In dealing with us? I've been called every single "ist" word you can think of by a bunch of wack ass internet warriors who wont ever, ever, ever set foot at a show and stick up for their beliefs. Funny, referring to Minnesota again, a tirade of kids had me painted out to be a homophobic, ableist, abusive terrible person but none of them came out to our show to confront me about it. I guest listed half of those fuckers, one kid agreed to meet me and then blocked me anyways. THAT'S the problem. Stand up for your beliefs and I'll at least respect you. But know this, you think you're safe behind the internet because 400 people favorite some uneducated stupid fucking tweet you made so you can get your gold star for the day. But if you get caught slipping 'cause you can't separate fantasy from reality, do not be shocked or surprised when you get your ass beat for running your mouth. You are basically signing a guest book saying "I'm so and so from here, I said this and now I'm going to get beat up." I get discouraged by the younger generations all the time, but like I said above... I remember some kids and some bands are still sticking strong to true ideals and values and it calms my nerves. As for most of you running your mouths or hopping on this bullshit PC train, you don't amount to shit. Outside of the internet you're nothing. You will hold no legacy for your "activism" and low and behold most of you hold yourself to such a high standard you forget you're actually pieces of shit and are being exposed and dropping like flies. If being myself and not backing down from my beliefs and calling people on their wack ass bullshit means I'll continue to be involved in controversy, that's fine. I know my worth.

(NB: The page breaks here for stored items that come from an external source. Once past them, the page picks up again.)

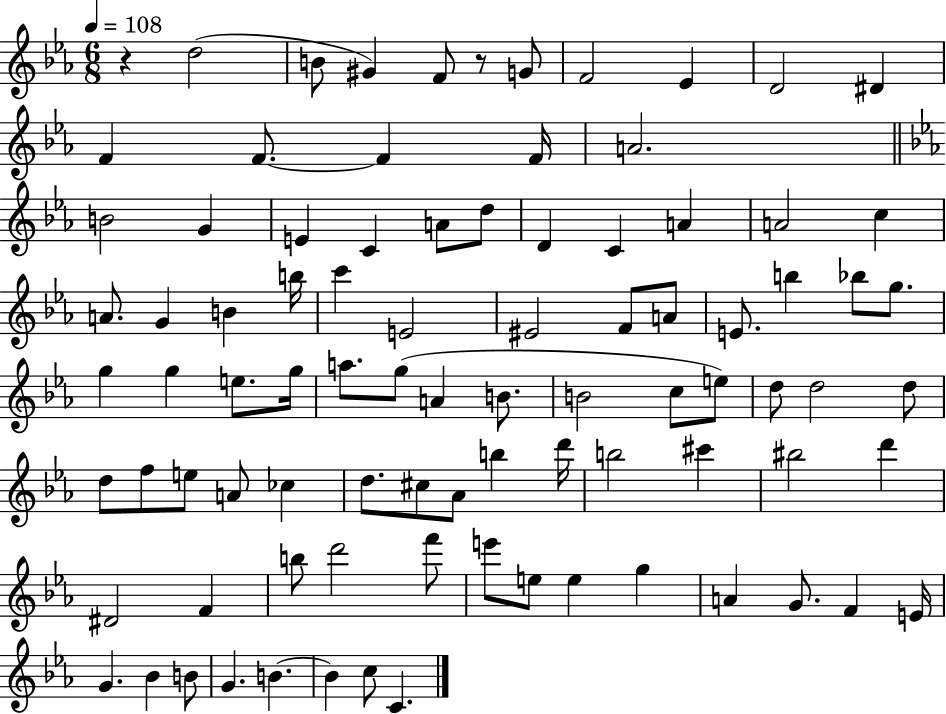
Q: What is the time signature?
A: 6/8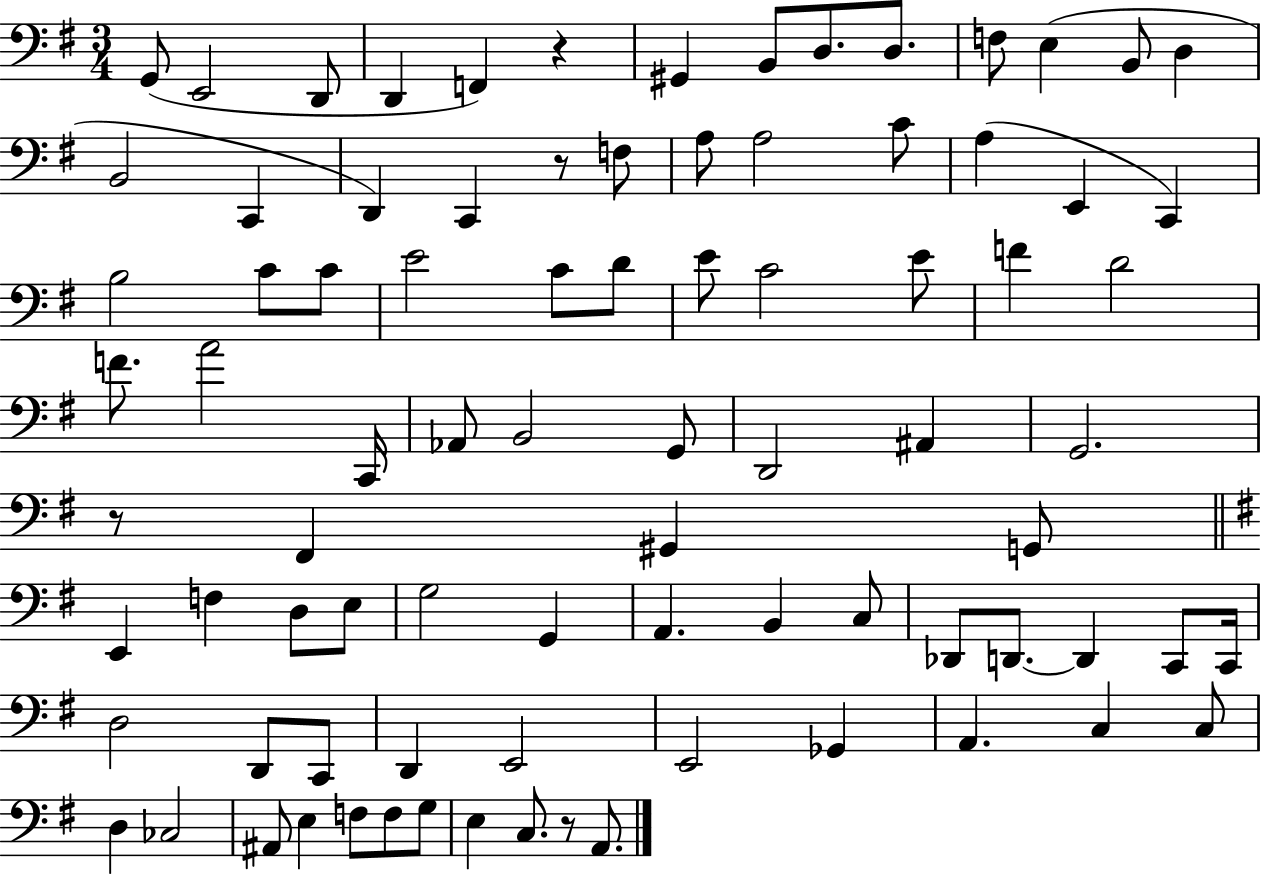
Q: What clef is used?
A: bass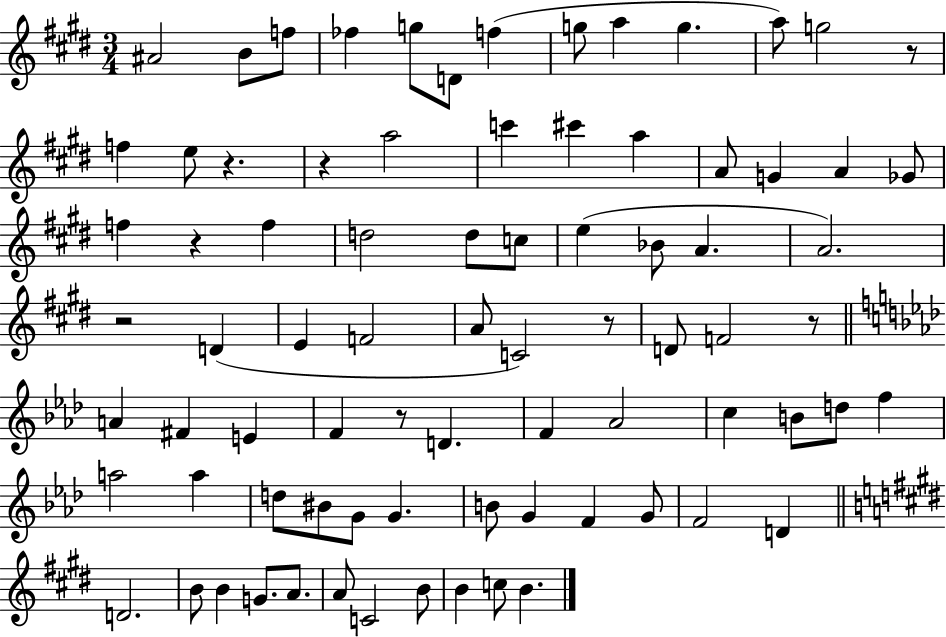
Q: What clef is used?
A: treble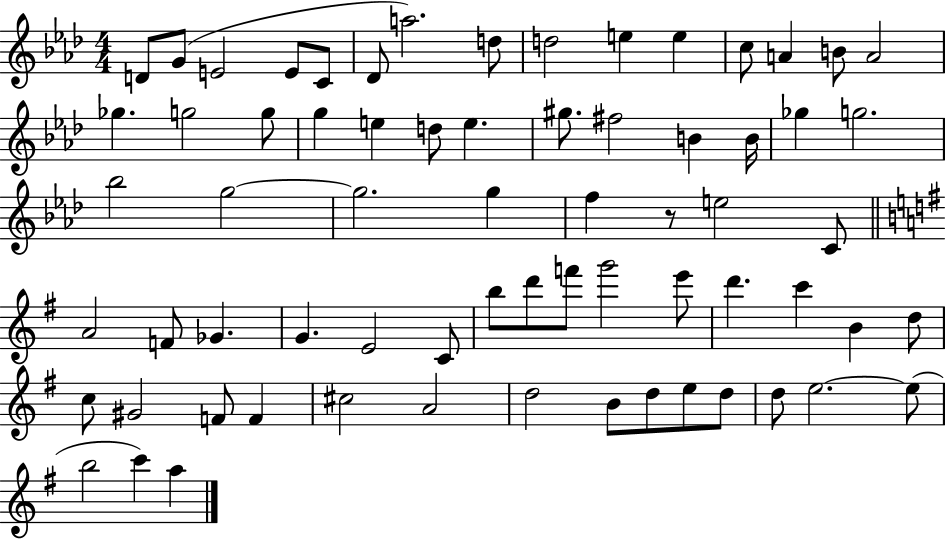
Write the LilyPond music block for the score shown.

{
  \clef treble
  \numericTimeSignature
  \time 4/4
  \key aes \major
  d'8 g'8( e'2 e'8 c'8 | des'8 a''2.) d''8 | d''2 e''4 e''4 | c''8 a'4 b'8 a'2 | \break ges''4. g''2 g''8 | g''4 e''4 d''8 e''4. | gis''8. fis''2 b'4 b'16 | ges''4 g''2. | \break bes''2 g''2~~ | g''2. g''4 | f''4 r8 e''2 c'8 | \bar "||" \break \key g \major a'2 f'8 ges'4. | g'4. e'2 c'8 | b''8 d'''8 f'''8 g'''2 e'''8 | d'''4. c'''4 b'4 d''8 | \break c''8 gis'2 f'8 f'4 | cis''2 a'2 | d''2 b'8 d''8 e''8 d''8 | d''8 e''2.~~ e''8( | \break b''2 c'''4) a''4 | \bar "|."
}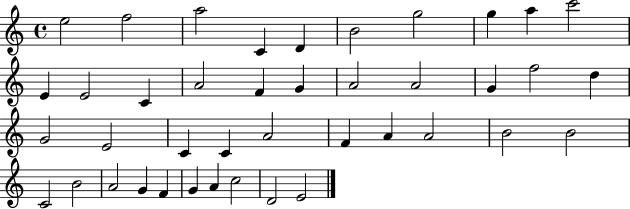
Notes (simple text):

E5/h F5/h A5/h C4/q D4/q B4/h G5/h G5/q A5/q C6/h E4/q E4/h C4/q A4/h F4/q G4/q A4/h A4/h G4/q F5/h D5/q G4/h E4/h C4/q C4/q A4/h F4/q A4/q A4/h B4/h B4/h C4/h B4/h A4/h G4/q F4/q G4/q A4/q C5/h D4/h E4/h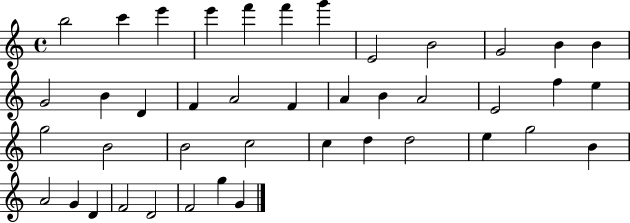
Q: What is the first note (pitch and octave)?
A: B5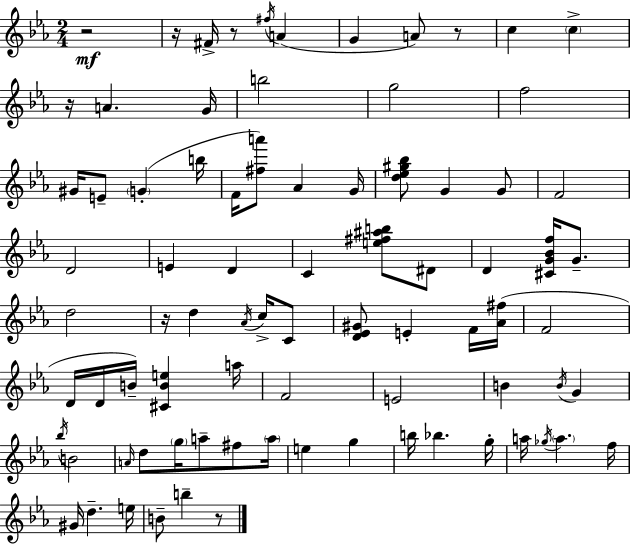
R/h R/s F#4/s R/e F#5/s A4/q G4/q A4/e R/e C5/q C5/q R/s A4/q. G4/s B5/h G5/h F5/h G#4/s E4/e G4/q B5/s F4/s [F#5,A6]/e Ab4/q G4/s [D5,Eb5,G#5,Bb5]/e G4/q G4/e F4/h D4/h E4/q D4/q C4/q [E5,F#5,A#5,B5]/e D#4/e D4/q [C#4,G4,Bb4,F5]/s G4/e. D5/h R/s D5/q Ab4/s C5/s C4/e [D4,Eb4,G#4]/e E4/q F4/s [Ab4,F#5]/s F4/h D4/s D4/s B4/s [C#4,B4,E5]/q A5/s F4/h E4/h B4/q B4/s G4/q Bb5/s B4/h A4/s D5/e G5/s A5/e F#5/e A5/s E5/q G5/q B5/s Bb5/q. G5/s A5/s Gb5/s A5/q. F5/s G#4/s D5/q. E5/s B4/e B5/q R/e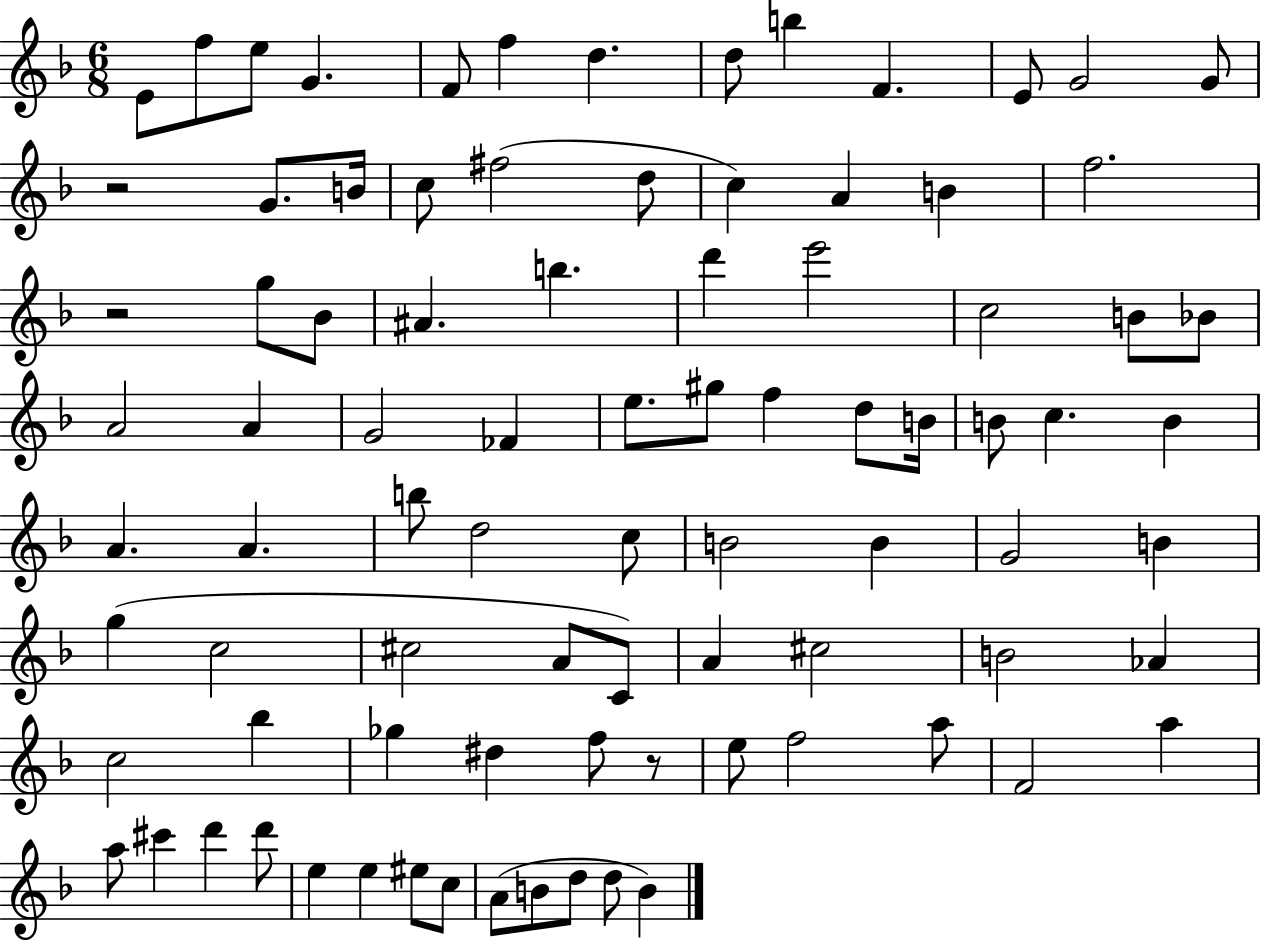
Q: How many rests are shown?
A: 3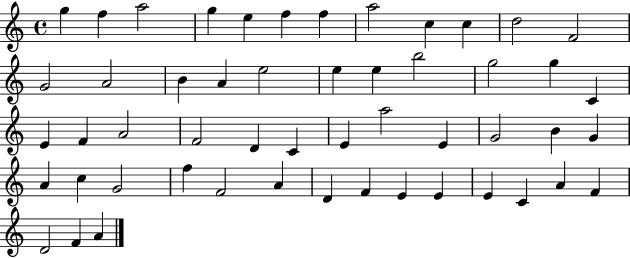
{
  \clef treble
  \time 4/4
  \defaultTimeSignature
  \key c \major
  g''4 f''4 a''2 | g''4 e''4 f''4 f''4 | a''2 c''4 c''4 | d''2 f'2 | \break g'2 a'2 | b'4 a'4 e''2 | e''4 e''4 b''2 | g''2 g''4 c'4 | \break e'4 f'4 a'2 | f'2 d'4 c'4 | e'4 a''2 e'4 | g'2 b'4 g'4 | \break a'4 c''4 g'2 | f''4 f'2 a'4 | d'4 f'4 e'4 e'4 | e'4 c'4 a'4 f'4 | \break d'2 f'4 a'4 | \bar "|."
}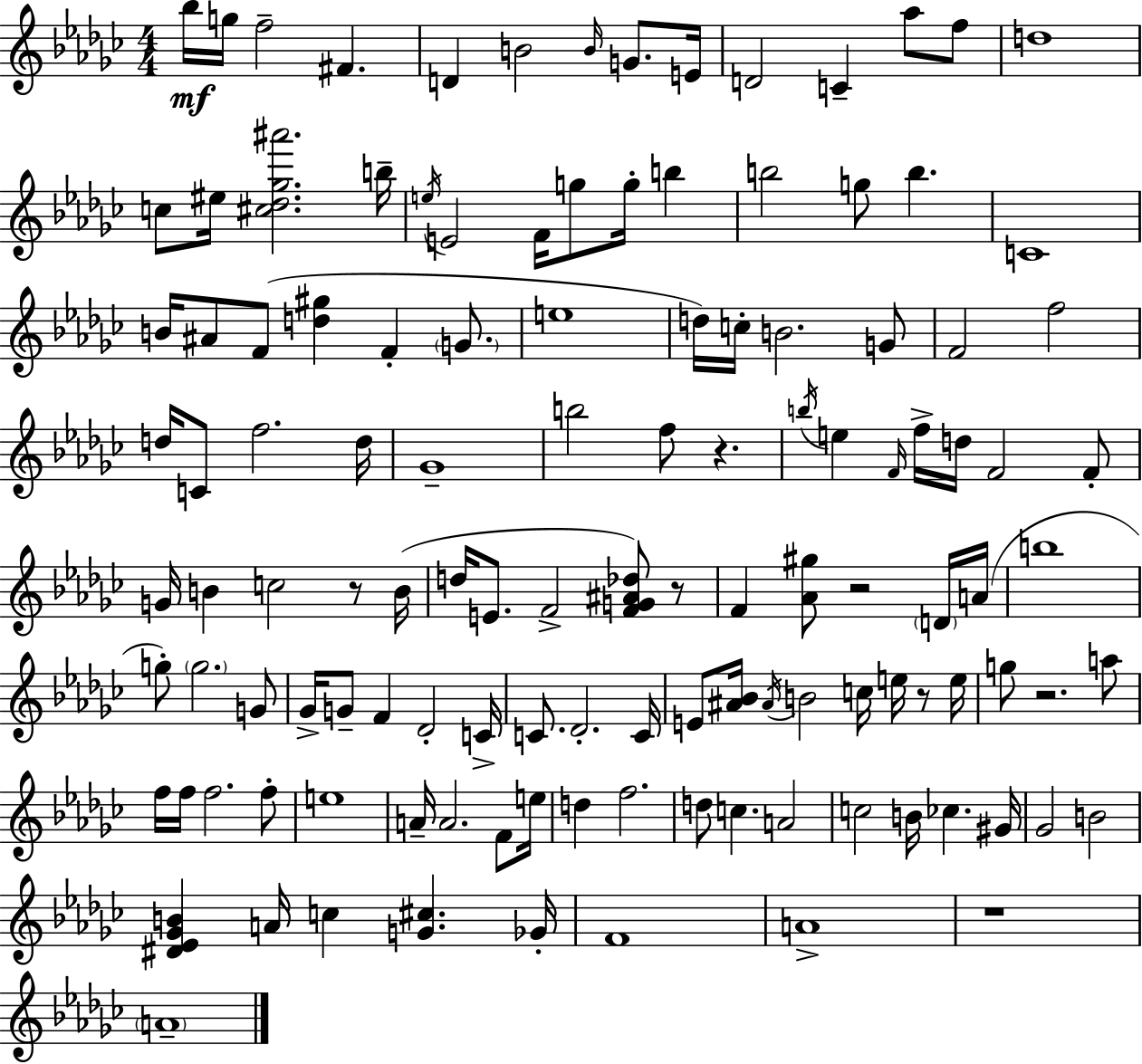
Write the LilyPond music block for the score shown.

{
  \clef treble
  \numericTimeSignature
  \time 4/4
  \key ees \minor
  bes''16\mf g''16 f''2-- fis'4. | d'4 b'2 \grace { b'16 } g'8. | e'16 d'2 c'4-- aes''8 f''8 | d''1 | \break c''8 eis''16 <cis'' des'' ges'' ais'''>2. | b''16-- \acciaccatura { e''16 } e'2 f'16 g''8 g''16-. b''4 | b''2 g''8 b''4. | c'1 | \break b'16 ais'8 f'8( <d'' gis''>4 f'4-. \parenthesize g'8. | e''1 | d''16) c''16-. b'2. | g'8 f'2 f''2 | \break d''16 c'8 f''2. | d''16 ges'1-- | b''2 f''8 r4. | \acciaccatura { b''16 } e''4 \grace { f'16 } f''16-> d''16 f'2 | \break f'8-. g'16 b'4 c''2 | r8 b'16( d''16 e'8. f'2-> | <f' g' ais' des''>8) r8 f'4 <aes' gis''>8 r2 | \parenthesize d'16 a'16( b''1 | \break g''8-.) \parenthesize g''2. | g'8 ges'16-> g'8-- f'4 des'2-. | c'16-> c'8. des'2.-. | c'16 e'8 <ais' bes'>16 \acciaccatura { ais'16 } b'2 | \break c''16 e''16 r8 e''16 g''8 r2. | a''8 f''16 f''16 f''2. | f''8-. e''1 | a'16-- a'2. | \break f'8 e''16 d''4 f''2. | d''8 c''4. a'2 | c''2 b'16 ces''4. | gis'16 ges'2 b'2 | \break <dis' ees' ges' b'>4 a'16 c''4 <g' cis''>4. | ges'16-. f'1 | a'1-> | r1 | \break \parenthesize a'1-- | \bar "|."
}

Do you have any goals for the next Purgatory tour?
Hmmm, goal is just to do our thing. Play how we play, say what we want to say, and just give 200% every night. We never have a goal to "impress" anyone, we do what we do and you either like it or you don't.

Describe a Purgatory set in one word.
BEASTMODE. 

Who are your favorite bands right now?
I'm gonna list some newer bands that are in rotation: Eyes of The Lord, Trail of Lies (not new necessarily but were MIA for too long), Vein, Queensway, Vicious Embrace, Stone, Inclination, Atonement, Time Walk, Hands of God, Human Garbage, Counterattack, Jukai, Absolute Suffering.

Any final remarks/a message to the youth?
If you firmly believe something, then stand by your beliefs. Have a little respect for yourself and others will as well. Hardcore was created for us, by us. Protect your scenes and dismiss kids who want to speak poorly about it or try and bring you or your scene down because they truly have no place. Don't break edge. Don't fit in. Fuck 12. Be yourself and be happy with who you are. Start a band, don't take anybodies shit, don't be an idiot. Make mistakes and learn from 'em. If you are struggling with mental illness, please reach out. Somebody will listen. If a friend is struggling and they reach out to you, do not offer them advice unless they ask for it, lend your ear and just listen. Be a friend not a fucking therapist.